■ **DIRECTIONS FOR THIS TASK**:
Begin at the line below that holds "t\right) \langle \psi_" and end at the line that holds "The Split History", transcribing each line exactly and skipping any picture.

*** SUPPLIED RECORDS ***

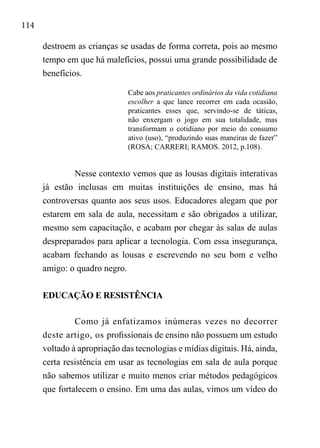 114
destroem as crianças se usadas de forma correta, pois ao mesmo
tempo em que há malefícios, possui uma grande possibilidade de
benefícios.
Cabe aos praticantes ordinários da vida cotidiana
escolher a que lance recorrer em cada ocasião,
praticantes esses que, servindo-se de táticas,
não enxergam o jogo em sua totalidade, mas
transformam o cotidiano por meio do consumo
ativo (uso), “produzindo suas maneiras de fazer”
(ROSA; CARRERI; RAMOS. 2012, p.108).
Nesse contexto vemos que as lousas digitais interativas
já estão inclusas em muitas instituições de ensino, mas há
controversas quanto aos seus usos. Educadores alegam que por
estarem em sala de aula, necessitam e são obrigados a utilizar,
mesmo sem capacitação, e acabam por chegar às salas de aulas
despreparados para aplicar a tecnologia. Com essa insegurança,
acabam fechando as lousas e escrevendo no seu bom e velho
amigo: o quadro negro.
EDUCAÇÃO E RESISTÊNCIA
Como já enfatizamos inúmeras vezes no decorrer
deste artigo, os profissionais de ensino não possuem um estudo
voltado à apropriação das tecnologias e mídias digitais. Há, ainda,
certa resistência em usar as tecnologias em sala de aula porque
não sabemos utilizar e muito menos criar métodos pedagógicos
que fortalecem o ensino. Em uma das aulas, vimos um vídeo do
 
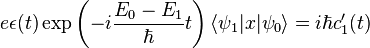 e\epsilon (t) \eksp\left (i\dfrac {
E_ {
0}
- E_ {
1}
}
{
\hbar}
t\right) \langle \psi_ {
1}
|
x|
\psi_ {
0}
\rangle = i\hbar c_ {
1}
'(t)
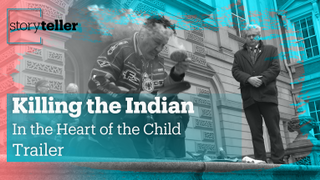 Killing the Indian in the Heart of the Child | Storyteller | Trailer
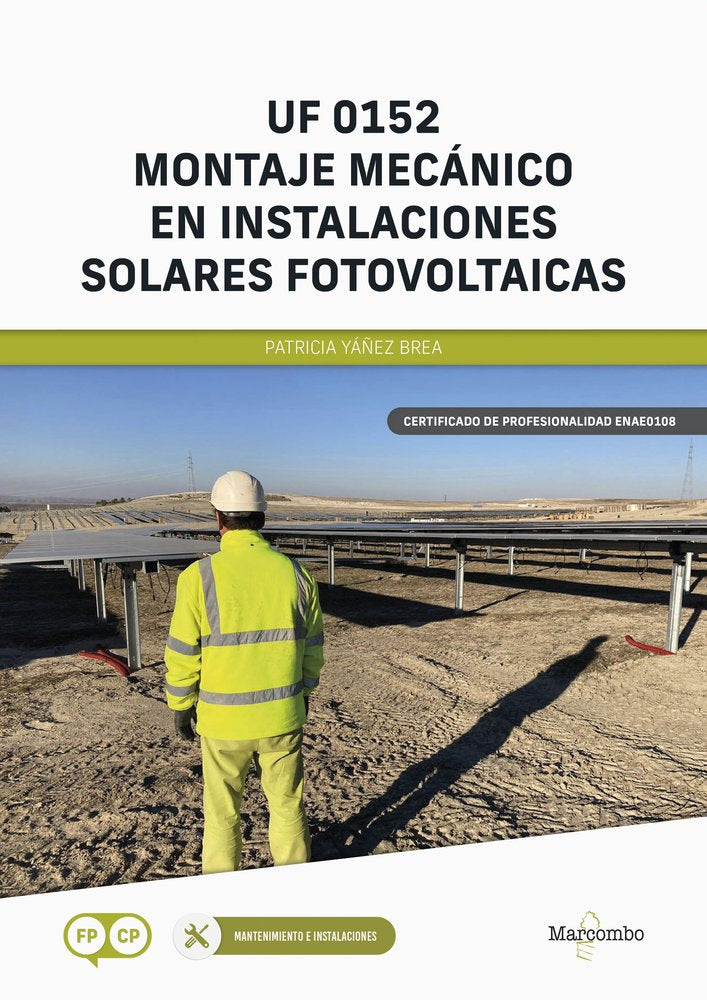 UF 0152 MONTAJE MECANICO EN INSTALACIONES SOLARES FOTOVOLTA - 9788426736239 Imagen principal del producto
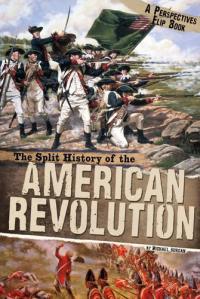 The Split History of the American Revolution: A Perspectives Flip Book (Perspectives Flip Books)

*** End of SUPPLIED RECORDS ***
*** SUPPLIED RECORDS ***

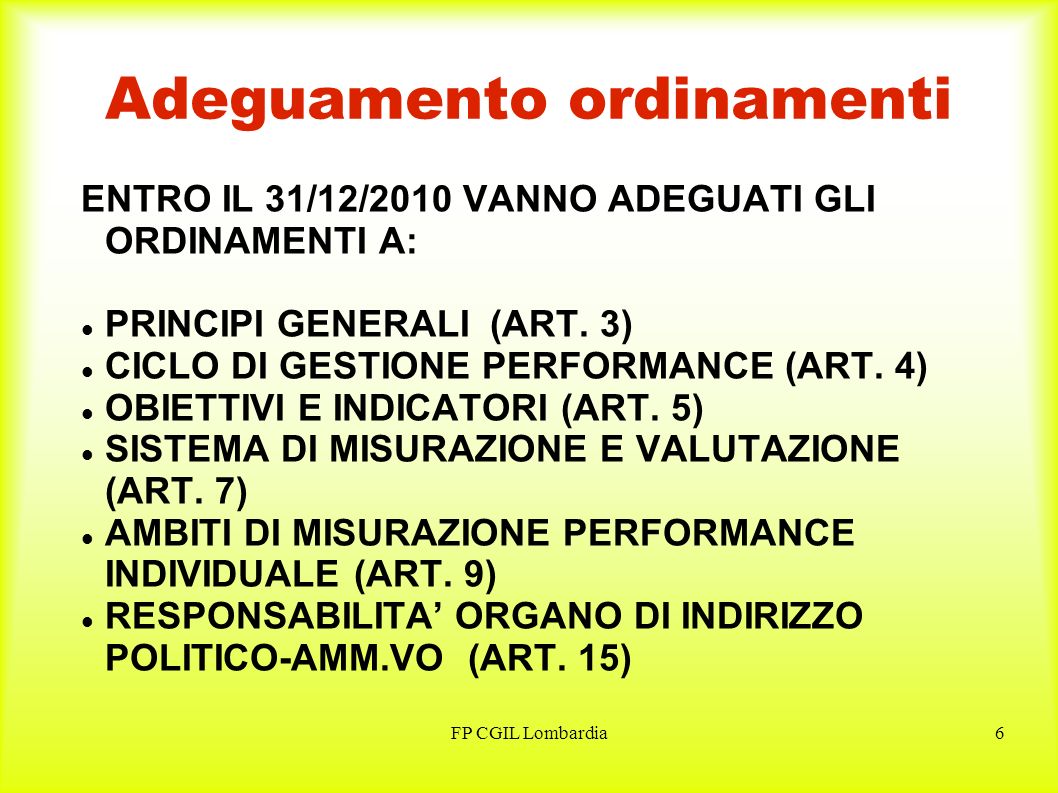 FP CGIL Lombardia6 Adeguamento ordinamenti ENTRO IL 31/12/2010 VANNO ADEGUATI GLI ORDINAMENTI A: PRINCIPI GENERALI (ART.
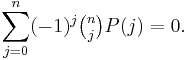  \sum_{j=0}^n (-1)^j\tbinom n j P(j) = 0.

*** End of SUPPLIED RECORDS ***
*** SUPPLIED RECORDS ***

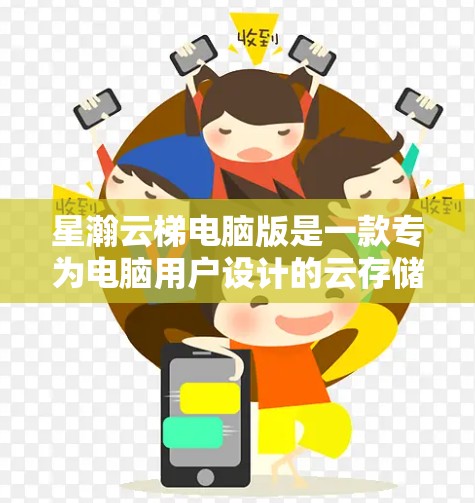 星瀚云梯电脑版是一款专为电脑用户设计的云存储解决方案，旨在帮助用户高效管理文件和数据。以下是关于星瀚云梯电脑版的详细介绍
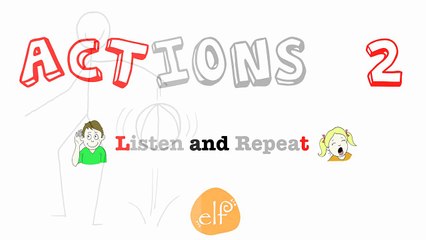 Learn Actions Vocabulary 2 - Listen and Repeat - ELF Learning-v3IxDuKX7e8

*** End of SUPPLIED RECORDS ***

■ **EXERCISE RESULT**:
t\right) \langle \psi_ {
1}
|
x|
\psi_ {
0}
\rangle = i\hbar c_ {
1}
'(t)
 Killing the Indian in the Heart of the Child | Storyteller | Trailer
 UF 0152 MONTAJE MECANICO EN INSTALACIONES SOLARES FOTOVOLTA - 9788426736239 Imagen principal del producto
 The Split History of the American Revolution: A Perspectives Flip Book (Perspectives Flip Books)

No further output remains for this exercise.